The fact that men are not as compassionate has been bred into them their whole life. 'boys don't cry' 'boys will be boys' boys don't play house or dress up or with dolls'. Do any of these sound familiar? We discourage boys from being good parents right from the beginning. If you are taught that playing house is wrong, but playing with toy cars, tools, etc where do you think that boy will put most of their energy when they become men. Although, even with these discouragements I have still witnessed some great fathers out there. Men more and more are being the primary parent.
Good advice! On a side note,she's a cutie!
The CFO of a bank is a Lawyer??? And then we wonder why it failed...
perhaps marissa meyers could learn a few things from her.
certainly by getting a new laugh.
Women are missing out on the best part of life when they "lean in" to a career. To choose and office and money and no time off over the happiness that comes with children and family life... is this whole generation of western women crazy? They need to realize that Work-Life Balance means trade-off. Everything means trade-off. There is no such thing in my view as a truly successful mother who is also a high successful career woman. One of the other suffers and mostly it is the children who suffer when their raising gets outsourced to paid strangers. Women of the world, wake up to yourselves. You have made great gains through feminism, but don't throw away the wonders and joys of womanhood in striving to do what men do. The mother staying home to raise children and the father working to provide has been a successful, proven model for millenia (it does not have to mean inequality of the sexes, and believe it or not, feminism has proven that to men - now women just need to believe it too). Sure you should work in your early lives and after the children have reached a reasonable age of independence, but your children are suffering if you choose work over being with them. I have never seen a truly successful mother who is also a career woman, despite what many would have you believe.

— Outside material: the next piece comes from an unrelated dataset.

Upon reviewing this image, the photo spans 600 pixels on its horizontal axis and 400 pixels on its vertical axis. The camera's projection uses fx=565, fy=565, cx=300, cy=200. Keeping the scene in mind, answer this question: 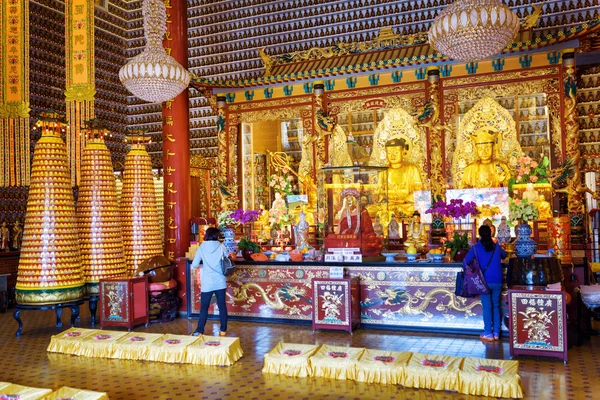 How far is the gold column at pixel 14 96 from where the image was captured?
9.66 meters

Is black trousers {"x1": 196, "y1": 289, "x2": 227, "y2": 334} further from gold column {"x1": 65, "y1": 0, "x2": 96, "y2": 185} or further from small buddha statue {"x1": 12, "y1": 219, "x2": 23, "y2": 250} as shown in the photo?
small buddha statue {"x1": 12, "y1": 219, "x2": 23, "y2": 250}

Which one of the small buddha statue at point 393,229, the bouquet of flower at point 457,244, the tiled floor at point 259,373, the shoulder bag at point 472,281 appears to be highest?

What a bunch of BULL from a man who thinks his advice on how women should live their lives is any thing other than paternal and patronizing. Two people are parents!
Men are missing out on the best part of life when they "lean in" to a career. To choose and office and money and no time off over the happiness that comes with children and family life... is this whole generation of western men crazy? They need to realize that Work-Life Balance means trade-off. Everything means trade-off. There is no such thing in my view as a truly successful father who is also a high successful career man. One of the other suffers and mostly it is the children who suffer when their raising gets outsourced to paid strangers. Men of the world, wake up to yourselves. You have made great gains through sexism, but don't throw away the wonders and joys of manhood in striving to do what women do. The father staying home to raise children and the mother working to provide has been a successful, proven model for millenia (it does not have to mean inequality of the sexes, and believe it or not, sexism has proven that to women - now men just need to believe it too). Sure you should work in your early lives and after the children have reached a reasonable age of independence, but your children are suffering if you choose work over being with them. I have never seen a truly successful father who is also a career man, despite what many would have you believe.
See how silly it sounds?
The reason is sounds silly is because you substituted men/man for women/woman. Just because you don't agree with what the person said doesn't mean it's BS.
Right on, sea! A lot of my male friends have changed careers or made changes in their jobs so they can spend more time raising their kids. Be a DAD! It's more than being a sperm donor.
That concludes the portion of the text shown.